Work to be completed: Where does the word "Package" occur in the data below? Copy each line that holds it.

Data excerpts

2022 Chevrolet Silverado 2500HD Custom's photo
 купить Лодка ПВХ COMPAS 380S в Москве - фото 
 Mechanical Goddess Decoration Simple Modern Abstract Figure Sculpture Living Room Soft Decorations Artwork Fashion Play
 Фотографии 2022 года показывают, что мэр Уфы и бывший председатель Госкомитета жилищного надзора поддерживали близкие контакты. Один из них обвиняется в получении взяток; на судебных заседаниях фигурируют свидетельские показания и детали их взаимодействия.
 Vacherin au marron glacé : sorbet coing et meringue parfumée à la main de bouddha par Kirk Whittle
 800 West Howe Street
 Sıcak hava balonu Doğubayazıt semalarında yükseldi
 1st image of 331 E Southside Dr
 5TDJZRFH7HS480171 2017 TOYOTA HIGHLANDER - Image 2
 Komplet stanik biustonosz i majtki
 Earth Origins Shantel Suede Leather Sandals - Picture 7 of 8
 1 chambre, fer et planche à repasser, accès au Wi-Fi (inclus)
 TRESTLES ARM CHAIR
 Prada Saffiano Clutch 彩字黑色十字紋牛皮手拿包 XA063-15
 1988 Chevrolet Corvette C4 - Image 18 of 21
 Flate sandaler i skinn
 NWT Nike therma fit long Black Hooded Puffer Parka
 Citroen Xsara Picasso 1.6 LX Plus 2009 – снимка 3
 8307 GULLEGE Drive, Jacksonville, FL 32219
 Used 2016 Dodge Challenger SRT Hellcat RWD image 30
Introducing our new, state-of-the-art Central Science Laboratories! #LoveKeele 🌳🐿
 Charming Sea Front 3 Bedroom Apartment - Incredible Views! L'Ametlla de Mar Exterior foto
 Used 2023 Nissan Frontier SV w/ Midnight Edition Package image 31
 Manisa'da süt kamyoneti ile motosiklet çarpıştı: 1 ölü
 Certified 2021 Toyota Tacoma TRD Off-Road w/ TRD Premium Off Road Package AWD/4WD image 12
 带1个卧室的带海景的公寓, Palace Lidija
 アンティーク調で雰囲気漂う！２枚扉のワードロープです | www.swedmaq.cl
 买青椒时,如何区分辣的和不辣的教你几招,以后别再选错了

Exercise output:
 Used 2023 Nissan Frontier SV w/ Midnight Edition Package image 31
 Certified 2021 Toyota Tacoma TRD Off-Road w/ TRD Premium Off Road Package AWD/4WD image 12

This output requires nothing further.